Goal of the exercise -> Copy each line of the listing below exactly and drop the images.

Provided data ->

_ _ _ _ _

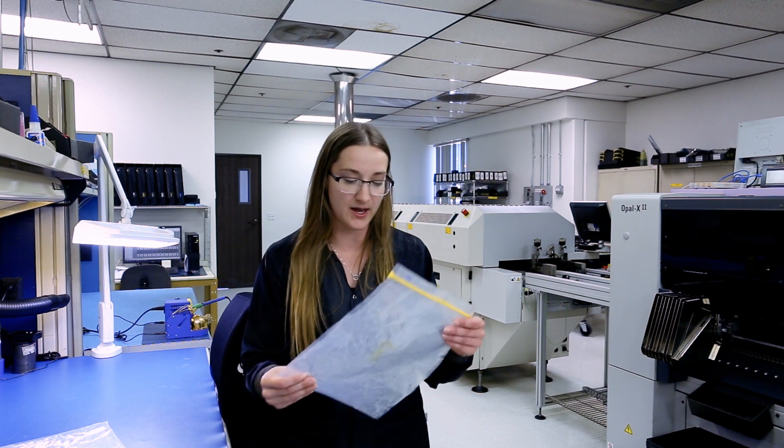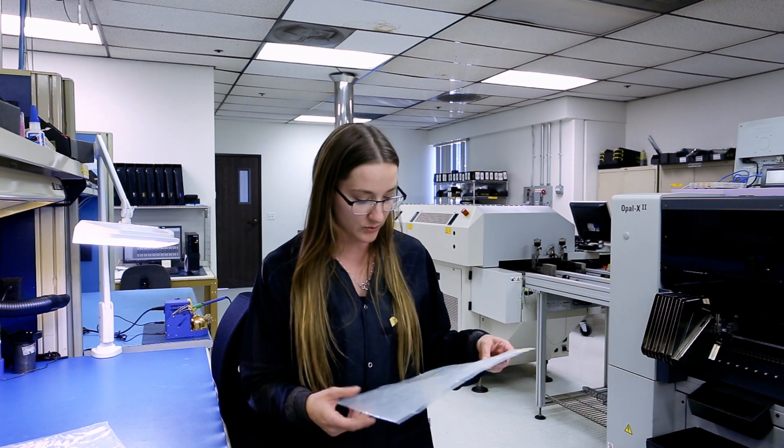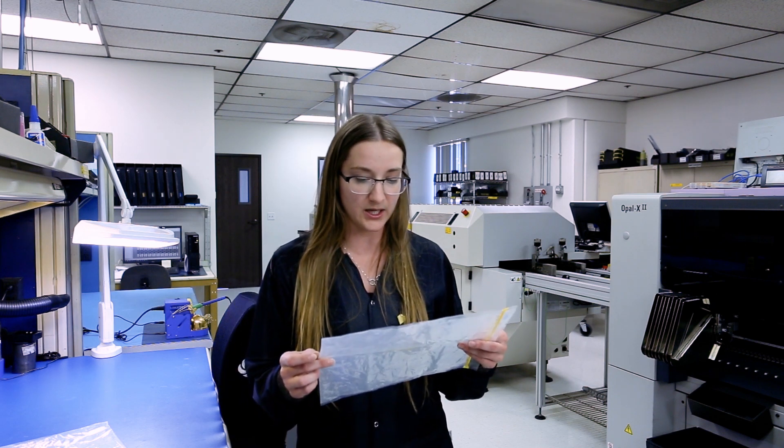This week we had a static dissipative bag that was questionable, so we tested it. It is out of spec, so when we get bags that are out of spec, we just go ahead and throw them away and replace them with a new bag.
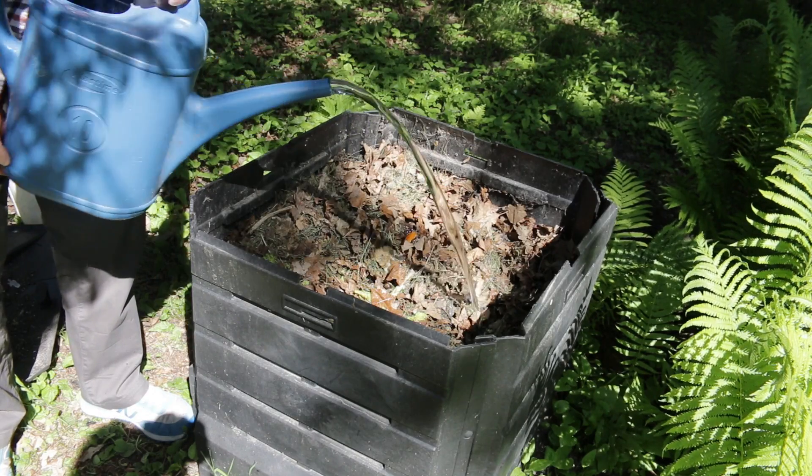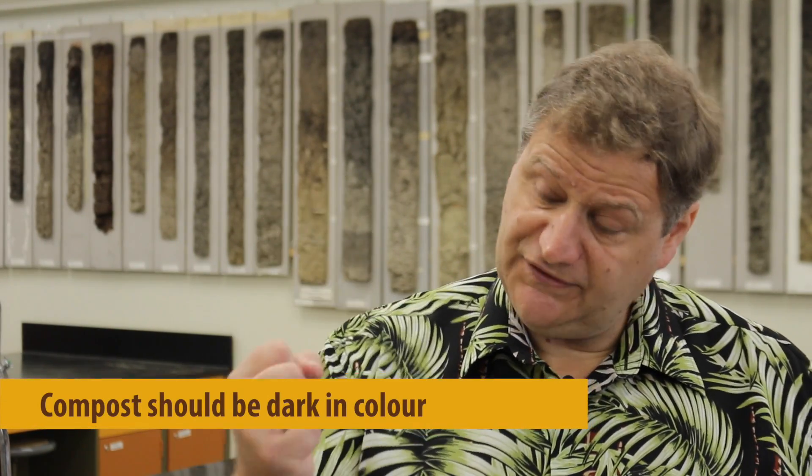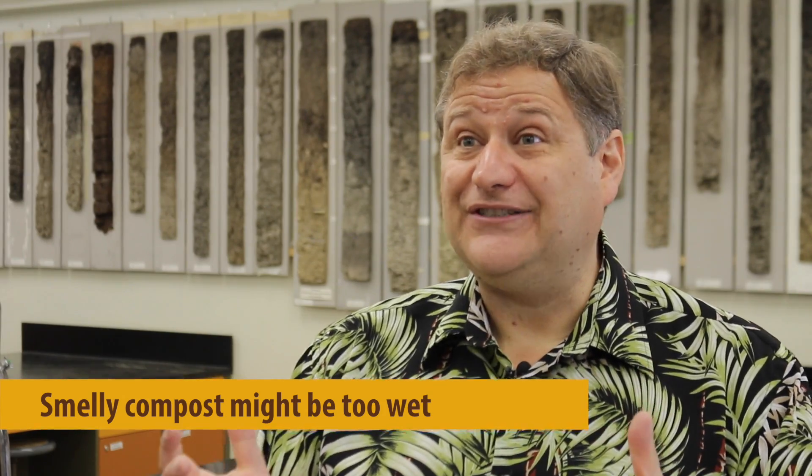We also want to make sure we've got the right amount of water — not too much and not too little. When you pick up the material, it should be dark in colour, and if you squeeze it, you don't want to see dripping water coming out. If it's very light in colour, it's probably too dry. If the compost smells like it's rotting, there's likely too much water and a lack of aeration.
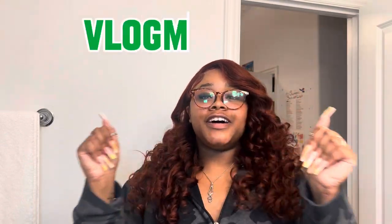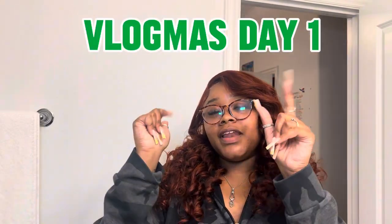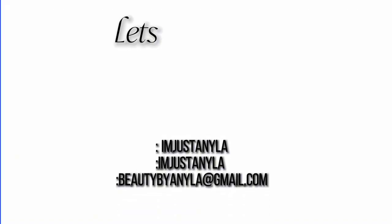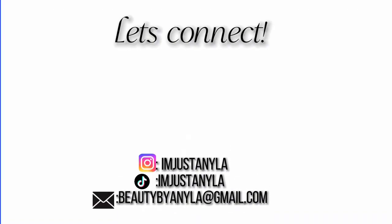Hey y'all, welcome to Vlogmas Day 1. It's time! As you can see by the title, today we're installing this wig and we're talking about why I've been gone for so long. I do this video every year. I don't know why I keep doing it, but we're gonna keep on doing it.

_ _ _ _ _

Finished exercise ->
This week we had a static dissipative bag that was questionable, so we tested it. It is out of spec, so when we get bags that are out of spec, we just go ahead and throw them away and replace them with a new bag.
We also want to make sure we've got the right amount of water — not too much and not too little. When you pick up the material, it should be dark in colour, and if you squeeze it, you don't want to see dripping water coming out. If it's very light in colour, it's probably too dry. If the compost smells like it's rotting, there's likely too much water and a lack of aeration.
Hey y'all, welcome to Vlogmas Day 1. It's time! As you can see by the title, today we're installing this wig and we're talking about why I've been gone for so long. I do this video every year. I don't know why I keep doing it, but we're gonna keep on doing it.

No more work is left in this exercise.